Task description> All that should be output is the block of lines below from the line with "6Pcs Plastic Popsicles" to the line with "molecular formula C19H24N2O2S", both included, exactly as written.

Material to process>
□ □ □ □ □ □ □
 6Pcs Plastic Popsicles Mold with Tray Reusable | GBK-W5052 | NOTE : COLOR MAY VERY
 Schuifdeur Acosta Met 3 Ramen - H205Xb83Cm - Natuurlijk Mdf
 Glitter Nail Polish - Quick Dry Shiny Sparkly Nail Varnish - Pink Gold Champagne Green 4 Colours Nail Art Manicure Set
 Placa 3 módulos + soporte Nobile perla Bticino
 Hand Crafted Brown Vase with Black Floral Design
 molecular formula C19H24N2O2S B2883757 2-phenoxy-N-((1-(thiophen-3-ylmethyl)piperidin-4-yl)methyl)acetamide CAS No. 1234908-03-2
□ □ □ □ □ □ □
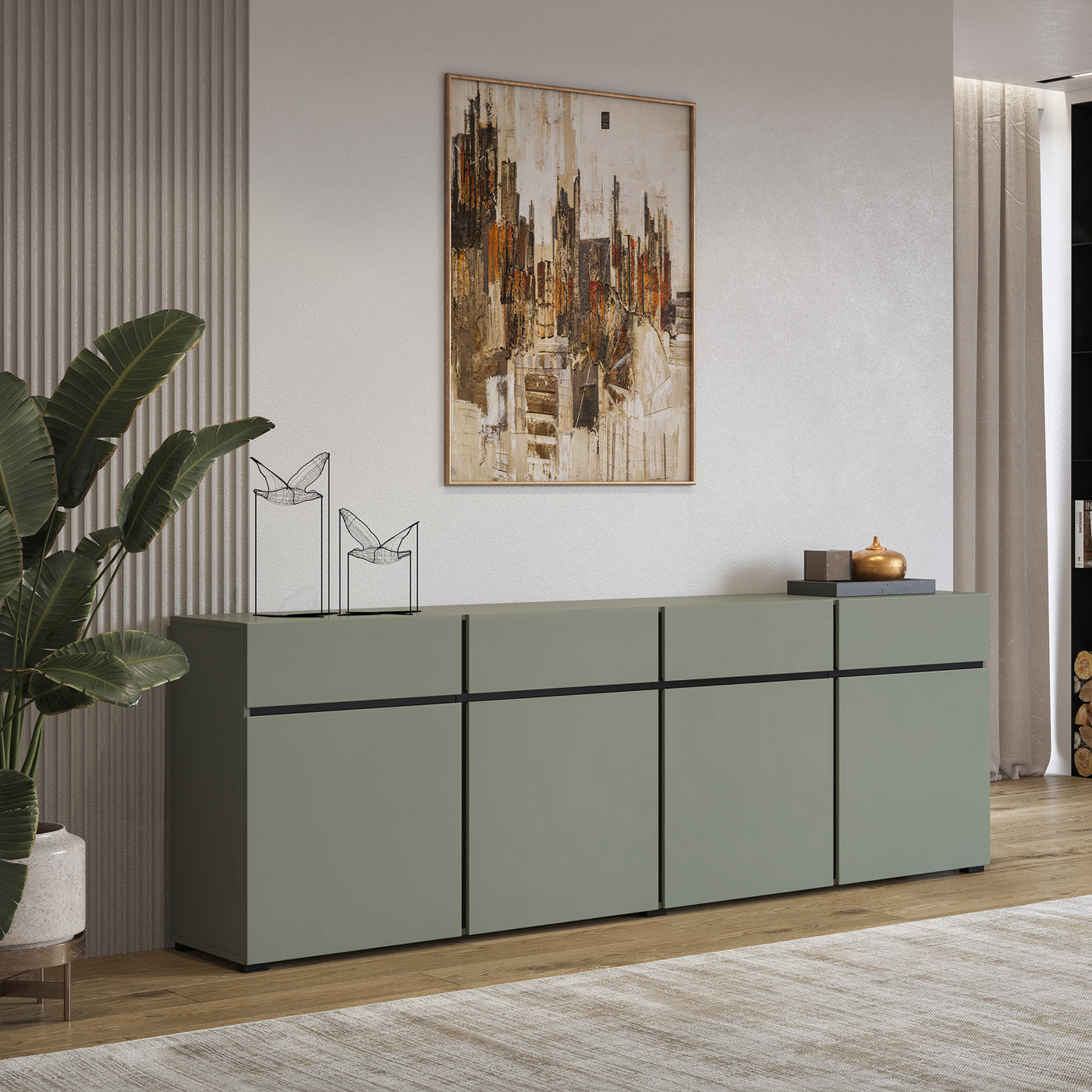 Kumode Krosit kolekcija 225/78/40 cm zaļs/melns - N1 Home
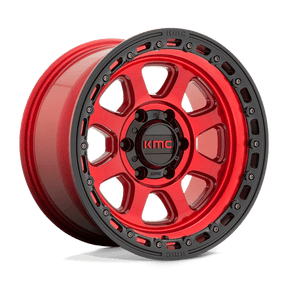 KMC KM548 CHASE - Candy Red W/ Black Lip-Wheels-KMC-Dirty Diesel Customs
□ □ □ □ □ □ □
Problem solution>
 6Pcs Plastic Popsicles Mold with Tray Reusable | GBK-W5052 | NOTE : COLOR MAY VERY
 Schuifdeur Acosta Met 3 Ramen - H205Xb83Cm - Natuurlijk Mdf
 Glitter Nail Polish - Quick Dry Shiny Sparkly Nail Varnish - Pink Gold Champagne Green 4 Colours Nail Art Manicure Set
 Placa 3 módulos + soporte Nobile perla Bticino
 Hand Crafted Brown Vase with Black Floral Design
 molecular formula C19H24N2O2S B2883757 2-phenoxy-N-((1-(thiophen-3-ylmethyl)piperidin-4-yl)methyl)acetamide CAS No. 1234908-03-2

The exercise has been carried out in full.